An alliance of opposition lawmakers and rebels from Johnson's own Conservative Party have passed a bill, which is due to become law on Monday once Queen Elizabeth gives her assent, ordering the prime minister to delay Brexit to 2020 unless he gets a deal.
"I'm absolutely undaunted by whatever may take place in parliament," Johnson said in Dublin ahead of talks with Irish Prime Minister Leo Varadkar.
"We must get Brexit done because the UK must come out on October 31, or else I fear that permanent damage will be done to confidence in our democracy in the UK," Johnson said.
It was unclear what Johnson's next move would be: the law will oblige him to seek a delay unless he can strike a new deal, but EU leaders have repeatedly said they have received no specific proposals.
Ireland told Johnson on Monday that he must make specific proposals on the future of the Irish border if there is to be any hope of averting a no-deal Brexit, saying Dublin cannot rely on simple promises.
"In the absence of agreed alternative arrangements, no backstop is no deal for us," Varadkar, standing beside Johnson outside the Irish government, told reporters. "We are open to alternatives, but they must realistic ones, legally binding and workable and we haven't received such proposals to date."
The blunt remarks by Varadkar indicate the difficulty of Johnson's gamble of using the threat of a no-deal exit to convince Germany and France that they must rewrite an exit agreement struck last November.
Johnson, who has no majority in parliament, is seeking an election just a few weeks ahead of the Oct. 31 deadline, though lawmakers have already refused that request once.
He will put forward another motion in parliament on Monday to propose a poll, but it would require the support of two-thirds of lawmakers - and opposition parties have said they will not agree to an election until a no-deal exit is ruled out.
Labour Party leader Jeremy Corbyn met other opposition party leaders on Monday and they agreed they would vote against his election bid.
"All leaders agreed that they would not support Boris Johnson's ploy to deny the people their decision by crashing us out of the EU with No Deal during a general election campaign," Labour said.
The no-deal blocking bill will force Johnson to seek a three-month extension to the Oct. 31 deadline unless parliament has either approved a deal or consented by Oct. 19 to leave without one.
"I want to find a deal, I want to get a deal," Johnson said in Dublin, adding that there was plenty of time to find one before the Oct. 17-18 EU summit.

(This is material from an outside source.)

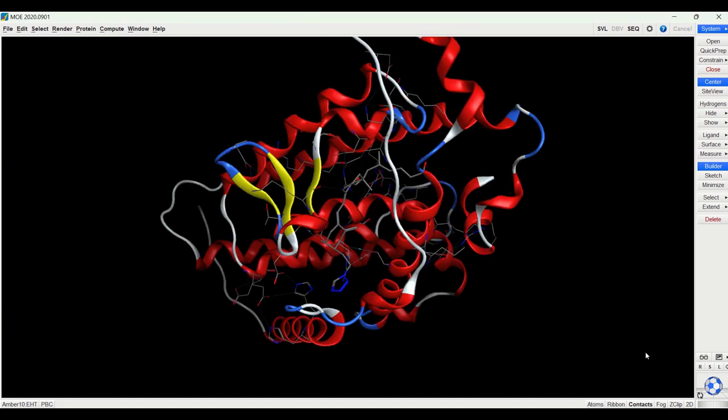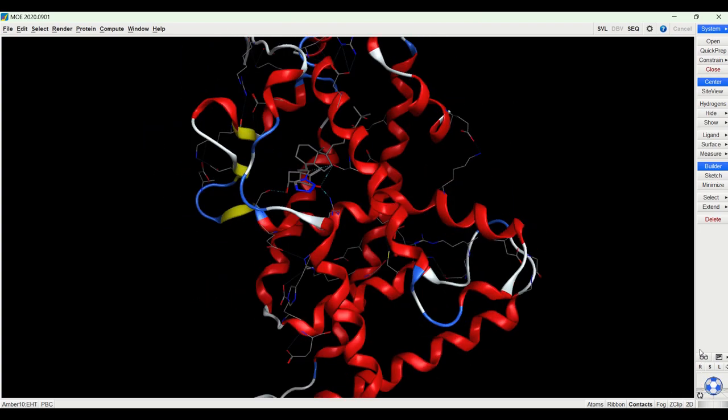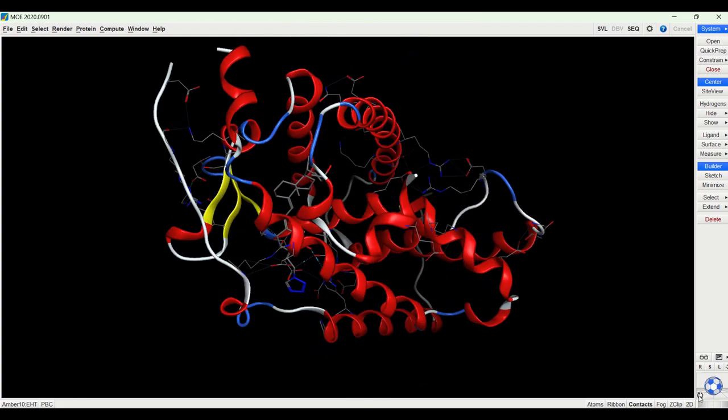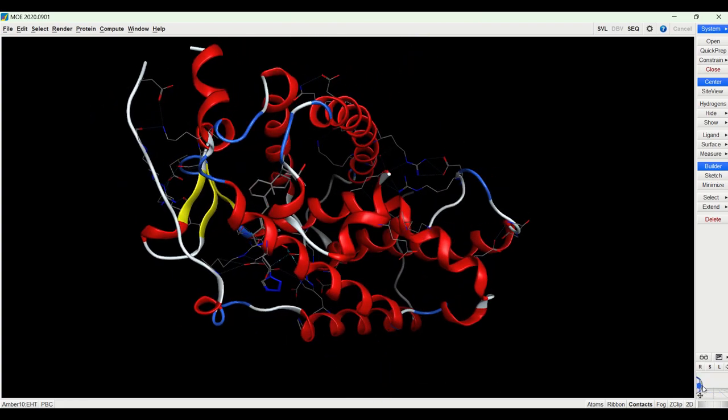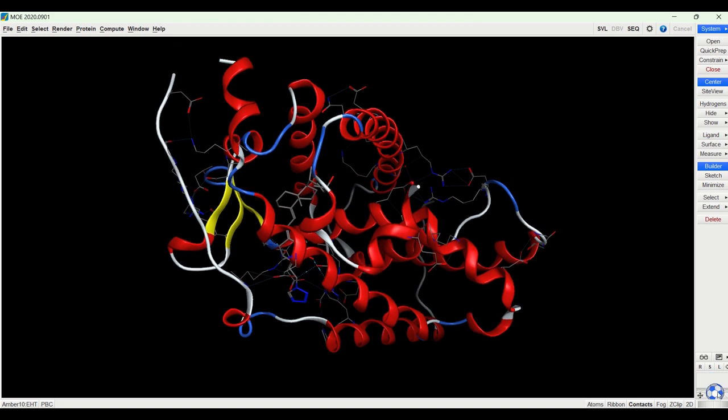So to move this around we would use these controls here. So right now it's set to spin the protein. So if you click and drag here, we'd be spinning it from side to side or up and down. And if we check here, then we can move the protein from side to side or up and down.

A spokesman for Johnson said that parliament would be suspended from Monday evening, meaning that an election is very unlikely before Oct. 31 unless parliament is recalled early.
CRISIS IN LONDON
Johnson took over as prime minister in July after his predecessor Theresa May failed to push the withdrawal agreement she had negotiated with the EU through parliament.
Since then, Britain's three-year Brexit crisis has stepped up a gear, leaving financial markets and businesses bewildered by a array of striking political decisions that diplomats compare to the style of U.S. President Donald Trump.

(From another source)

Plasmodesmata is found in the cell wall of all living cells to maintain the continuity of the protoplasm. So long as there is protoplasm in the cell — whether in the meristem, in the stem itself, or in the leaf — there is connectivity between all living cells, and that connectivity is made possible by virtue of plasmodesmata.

Trump has praised Johnson as "Britain's Trump" and the two leaders say they have close ties. Trump has said the EU is being very tough on the United Kingdom.
In the past week alone, Johnson lost his majority in parliament, expelled 21 rebels from the Conservative Party and saw his own brother quit the government, torn between family loyalty and "the national interest".
On Saturday, his work and pensions minister suddenly resigned, saying the government was focusing 80-90% of its work on no-deal preparations rather than seeking a withdrawal agreement.
Meanwhile two ministers said on Sunday that Johnson would not seek a delay at the EU summit next month - but notably declined to spell out how he would nevertheless obey the new law if no deal is agreed with the EU.
Foreign minister Dominic Raab said the government would "test to the limit" what the law would require ministers to do. The Daily Telegraph reported that Johnson's office was exploring how it could sabotage any extension request by making it clear to the EU that it did not want a delay.